Managed Detection and Response Takes Security to the Next LevelIn the digital era, enterprises of all sizes must be proactive instead of reactive when it comes to cybersecurity.
By: Martha Vazquez - Senior Research Analyst - Infrastructure Services - IDC
Digital transformation is driving rapid technological changes across every organization. In response, IT infrastructures are growing more complex, with a mix of on-premises, cloud, and multicloud locations that expand the network’s potential attack surface.
And that surface will only continue to grow: A recent U.S. IDC survey found that close to 50% of respondents will turn to a managed security service provider to fill in for staff shortages and provide 24X7 support. Over 25% of respondents felt that they lacked the security talent and skills to keep up with the growing attack surface and the vast amounts of telemetry entering the network. Meanwhile, the continued onset of attacks – and their increasing sophistication – suggests that today’s malicious actors are also embracing emerging technologies to keep ahead of security staff. Simply put, it is harder than ever to stay safe.
To fight back, enterprises large and small are exploring Managed Detection and Response (MDR), a continuous and proactive security and threat monitoring, detection, incident analysis, and response service that correlates threat intelligence and telemetry collected from the client's environment. IDC's research finds that organizations are either implementing or looking to implement MDR services to address:
» The growing sophistication of threats such as nation-state attacks, fileless attacks, and ransomware
» The lack of 24X7 support, security talent, and in-house expertise to address these threats
» The need to adopt emerging technologies such as artificial intelligence
Demand for MDR services is also being driven by ever-increasing regulations that require more robust cybersecurity capabilities, regardless of a company’s size. For example, even smaller organizations that deal with personal health information (PHI) as “covered entities” must adhere to HIPAA regulations.

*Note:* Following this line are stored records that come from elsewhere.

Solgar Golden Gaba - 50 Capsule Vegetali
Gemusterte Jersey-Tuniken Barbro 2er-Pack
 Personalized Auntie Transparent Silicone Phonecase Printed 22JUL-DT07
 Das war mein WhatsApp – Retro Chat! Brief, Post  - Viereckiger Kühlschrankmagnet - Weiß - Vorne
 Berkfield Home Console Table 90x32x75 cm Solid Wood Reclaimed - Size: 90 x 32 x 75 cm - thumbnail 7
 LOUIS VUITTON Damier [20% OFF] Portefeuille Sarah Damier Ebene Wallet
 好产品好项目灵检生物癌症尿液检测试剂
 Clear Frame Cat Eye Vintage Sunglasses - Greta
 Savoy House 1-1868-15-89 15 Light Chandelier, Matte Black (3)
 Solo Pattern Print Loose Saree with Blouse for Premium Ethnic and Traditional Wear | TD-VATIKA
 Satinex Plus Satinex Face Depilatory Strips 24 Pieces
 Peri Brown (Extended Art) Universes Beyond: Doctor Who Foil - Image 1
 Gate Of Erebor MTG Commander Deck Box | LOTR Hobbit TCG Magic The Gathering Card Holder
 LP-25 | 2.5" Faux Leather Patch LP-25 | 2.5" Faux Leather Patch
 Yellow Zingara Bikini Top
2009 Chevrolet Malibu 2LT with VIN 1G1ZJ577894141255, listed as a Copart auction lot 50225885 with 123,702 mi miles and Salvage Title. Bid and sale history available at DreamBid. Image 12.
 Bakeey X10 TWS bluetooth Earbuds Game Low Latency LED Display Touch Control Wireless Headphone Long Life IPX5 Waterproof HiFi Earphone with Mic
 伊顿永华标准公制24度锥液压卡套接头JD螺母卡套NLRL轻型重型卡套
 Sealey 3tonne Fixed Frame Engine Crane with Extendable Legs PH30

To protect clients, MDR services monitor activity and apply advanced analytics on endpoints, user activity, the application layer, and at the network perimeter, as well as traffic moving laterally within an enterprise network. MDR monitoring—especially application and user supervision—can also be extended into cloud environments.
MDR services combine technology with human expertise and specific methodologies to generate recommendations, guidance, and intelligence to keep clients secure. And while implementing MDR needn’t be a “rip and replace” situation, organizations should carefully evaluate components such as expertise, visibility, and security tools and technologies used when other when looking for a provider.